Statistics Department Seminar presents "Fréchet change point detection"

Topic: 
Fréchet change point detection
Abstract / Description: 

Change point detection is a popular tool for identifying locations in a data sequence where an abrupt change occurs in the data distribution and has been widely studied for Euclidean data. Modern data very often is non-Euclidean, for example, distribution valued data or network data. Change point detection is a challenging problem when the underlying data space is a metric space where one does not have basic algebraic operations like addition of the data points and scalar multiplication. 

 
In this talk, I propose a method to infer the presence and location of change points in the distribution of a sequence of independent data taking values in a general metric space. Change points are viewed as locations at which the distribution of the data sequence changes abruptly in terms of either its Fr´echet mean or Fréchet variance or both.

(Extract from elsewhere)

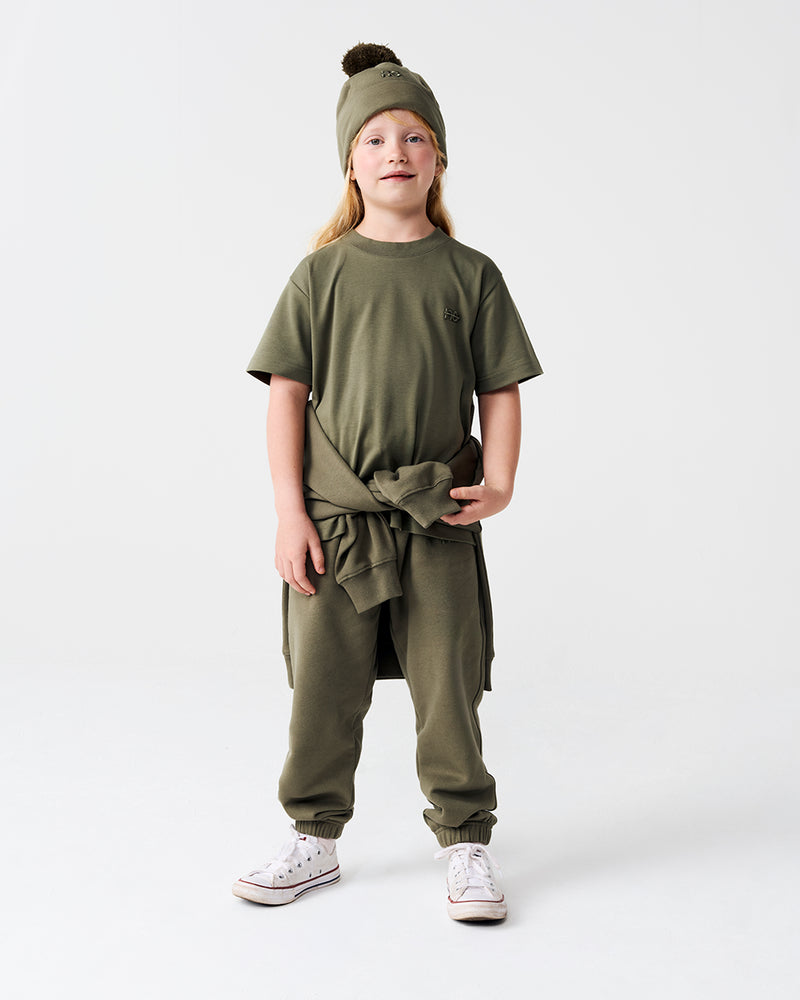 Le ty-shirt O enfant - beige coton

The proposed method is based on comparisons of Fréchet variances before and after putative change point locations. First, I will establish that under the null hypothesis of no change point the limit distribution of the proposed scan function is the square of a standardized Brownian Bridge. It is well known that such convergence is rather slow in moderate to high dimensions. For more accurate results in finite sample applications, I will provide a theoretically justified bootstrap-based scheme for testing the presence of change points. Next, I will show that when a change point exists, (1) the proposed test is consistent under contiguous alternatives and (2) the estimated location of the change point is consistent. All of the above results hold for a broad class of metric spaces under mild entropy conditions. Examples include the space of univariate probability distributions and the space of graph Laplacians for networks. I will illustrate the efficacy of the proposed approach in empirical studies and in real-data applications with sequences of maternal fertility distributions. Finally, I will talk about some future extensions and other related research directions, for instance, when one has samples of dynamic metric space data. 
 
This talk is based on joint work with Professor Hans-Georg Müller.
Date and Time: 
Tuesday, February 4, 2020 - 4:00pm
Venue: 
Sloan Mathematics Center, Room 380C

Statistics Department Seminar welcomes Sourav Chatterjee

Topic: 
Feature Ordering by Conditional Independence
Abstract / Description: 

I will talk about a coefficient of conditional dependence between two random variables Y and Z given a set of other variables X1, . . . , Xp, based on an i.i.d. sample. The coefficient has a long list of desirable properties, the most important of which is that under absolutely no distributional assumptions, it converges to a limit in [0, 1], where the limit is 0 if and only if Y and Z are conditionally independent given X1, . . . , Xp, and is 1 if and only if Y is equal to a measurable function of Z given X1, . . . , Xp. I will then present a new variable selection algorithm based on this statistic, called Feature Ordering by Conditional Independence (FOCI), which is model-free, has no tuning parameters, and is provably consistent under sparsity assumptions.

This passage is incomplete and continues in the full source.